Brisbane Roar FC is an association football club based in Brisbane, Australia. This page consists of information and statistics about all previous and current Managers of the Roar Men’s First Team.

==Managerial history==

===Bleiberg===
Miron Bleiberg was appointed as the then Queensland Roar's inaugural manager on 2 March 2005. Under pressure from the fans to deliver on his promises of attractive, attacking and successful football he resigned on 12 November 2006 following a poor start to the 2006–07 season.
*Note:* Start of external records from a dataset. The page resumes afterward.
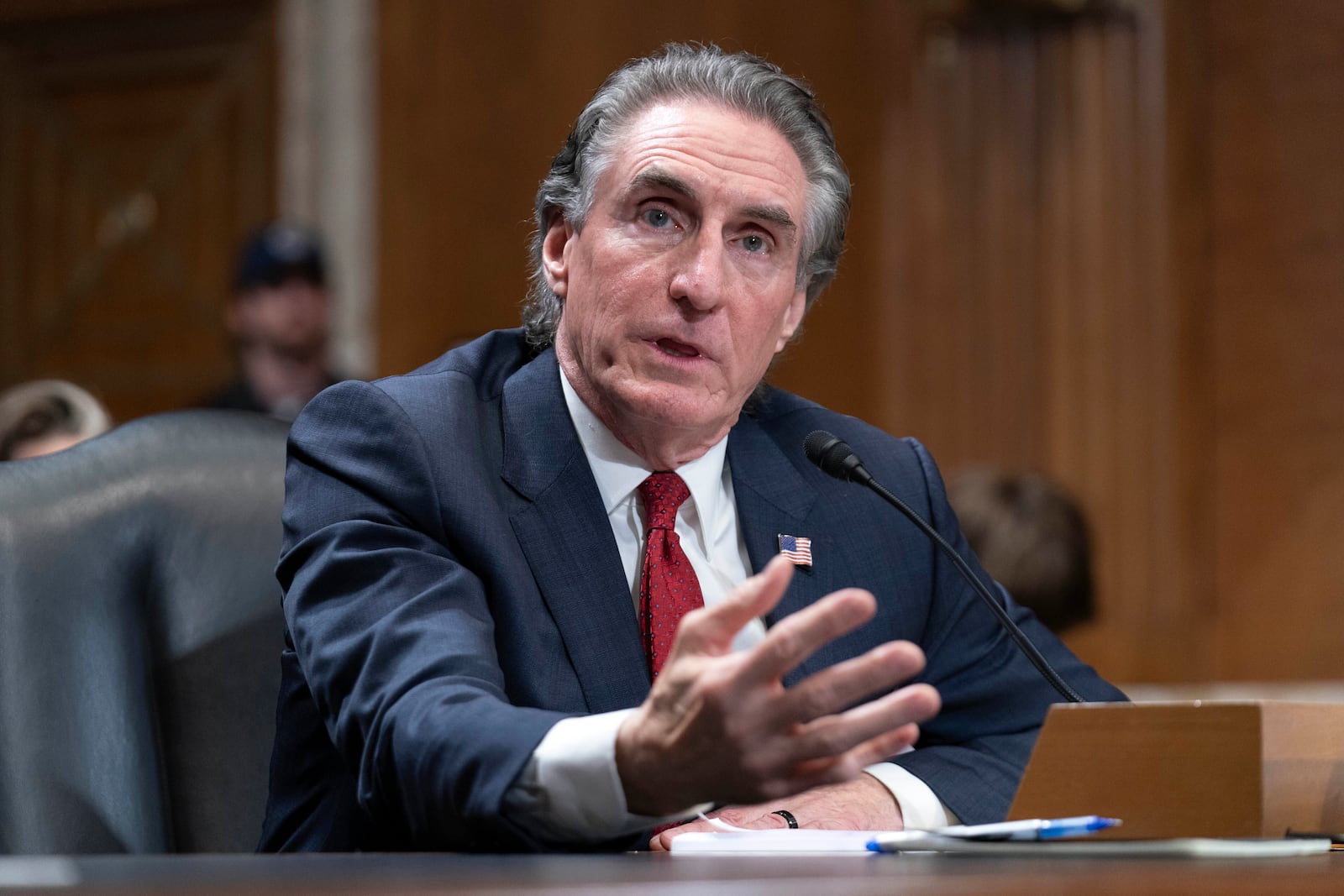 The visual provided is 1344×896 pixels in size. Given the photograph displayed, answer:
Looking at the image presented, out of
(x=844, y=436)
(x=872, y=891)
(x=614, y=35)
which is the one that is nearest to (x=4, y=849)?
(x=844, y=436)

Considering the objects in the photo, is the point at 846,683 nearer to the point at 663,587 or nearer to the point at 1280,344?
the point at 663,587

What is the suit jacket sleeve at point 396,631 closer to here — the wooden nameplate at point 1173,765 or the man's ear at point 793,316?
the wooden nameplate at point 1173,765

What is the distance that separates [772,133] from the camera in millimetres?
1848

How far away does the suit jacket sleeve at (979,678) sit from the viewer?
1.85 meters

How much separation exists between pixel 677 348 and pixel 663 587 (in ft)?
0.87

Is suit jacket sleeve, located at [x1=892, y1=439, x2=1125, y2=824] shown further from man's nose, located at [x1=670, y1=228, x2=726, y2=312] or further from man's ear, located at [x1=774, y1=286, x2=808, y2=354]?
man's nose, located at [x1=670, y1=228, x2=726, y2=312]

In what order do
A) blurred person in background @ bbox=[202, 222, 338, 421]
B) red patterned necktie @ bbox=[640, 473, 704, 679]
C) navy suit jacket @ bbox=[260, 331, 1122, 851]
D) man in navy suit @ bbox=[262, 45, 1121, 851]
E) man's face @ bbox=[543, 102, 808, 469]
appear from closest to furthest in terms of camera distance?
man in navy suit @ bbox=[262, 45, 1121, 851] < navy suit jacket @ bbox=[260, 331, 1122, 851] < red patterned necktie @ bbox=[640, 473, 704, 679] < man's face @ bbox=[543, 102, 808, 469] < blurred person in background @ bbox=[202, 222, 338, 421]

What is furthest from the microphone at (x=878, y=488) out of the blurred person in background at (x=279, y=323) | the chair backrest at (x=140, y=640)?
the blurred person in background at (x=279, y=323)

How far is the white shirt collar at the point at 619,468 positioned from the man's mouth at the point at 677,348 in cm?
13

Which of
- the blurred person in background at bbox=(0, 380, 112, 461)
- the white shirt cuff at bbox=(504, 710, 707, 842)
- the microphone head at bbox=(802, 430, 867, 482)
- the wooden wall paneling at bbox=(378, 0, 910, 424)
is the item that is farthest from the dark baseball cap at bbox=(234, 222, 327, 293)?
the white shirt cuff at bbox=(504, 710, 707, 842)

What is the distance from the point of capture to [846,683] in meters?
1.04

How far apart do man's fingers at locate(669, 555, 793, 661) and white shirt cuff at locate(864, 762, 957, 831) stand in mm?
672

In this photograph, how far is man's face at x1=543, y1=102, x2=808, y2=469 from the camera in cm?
174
After much speculation, Bleiberg was replaced by former Australian national team coach, Frank Farina just three days after Bleiberg's resignation.

===Farina===
Frank Farina's arrival led to a mini-revival which saw the club narrowly miss out on what would have been the Roar's first finals appearance, on goal difference. The 2007–08 season, however, saw Farina make up for the shortfall of the previous season, qualifying for the finals for the first time in the club's history. A memorable performance in the second leg of the semi-final saw the Roar defeat arch rivals 2–0 (2–0 agg.) Sydney FC in front of a (then) club record 36,221 fans to qualify for the preliminary final against the Newcastle Jets. The Roar would controversially lose 3–2 to the Newcastle side, who would ultimately go on to win the Grand Final. Farina again qualified for the finals in 2008–09, where the Roar dispatched of Central Coast Mariners 4–2 on aggregate, however they ultimately lost, again in the preliminary final, to Adelaide United after failing to capitalise on their dominance. On 10 October 2009, Farina was arrested by Queensland Police for Driving under the influence. He was initially suspended by the Roar and asked to show cause as to why he should not be sacked for tarnishing the name of the club. It was announced that assistant manager, Rado Vidošić fwould step into a caretakers role until a decision had been made which would include the M1 Derby, which the Roar lost 1–0 at home. Farina was ultimately sacked on 14 October 2009 and was replaced by former Australian Under-20 national team coach, Ange Postecoglou.

===Postecoglou===
Ange Postecoglou arrived mid-season armed with the task of picking up the pieces of a season in tatters. The 2009–10 season ended as the worst in the club's short history, finishing second from the bottom. Postecoglou completed a turn-around in the 2010–11 season. He made wholesale changes to the squad, commencing with the replacement of the "old-guard" of Charlie Miller, Craig Moore and Danny Tiatto and brought in his own squad which was a mixture of youth and talented experience. Under his brand of possession/attacking football, he would lead the team to win the club's inaugural Championship and go on to complete the club's first Double by also wrapping up the Premiership in a memorable 2011 A-League Grand Final in front of a then club record 50,168 supporters. The club went on an Australian sporting record 36-match unbeaten run which commenced in the 2010–11 season and ran through to the 2011–12 season. After much speculation on his future at the club, it was reported that Postecoglou had signed a three-year contract extension.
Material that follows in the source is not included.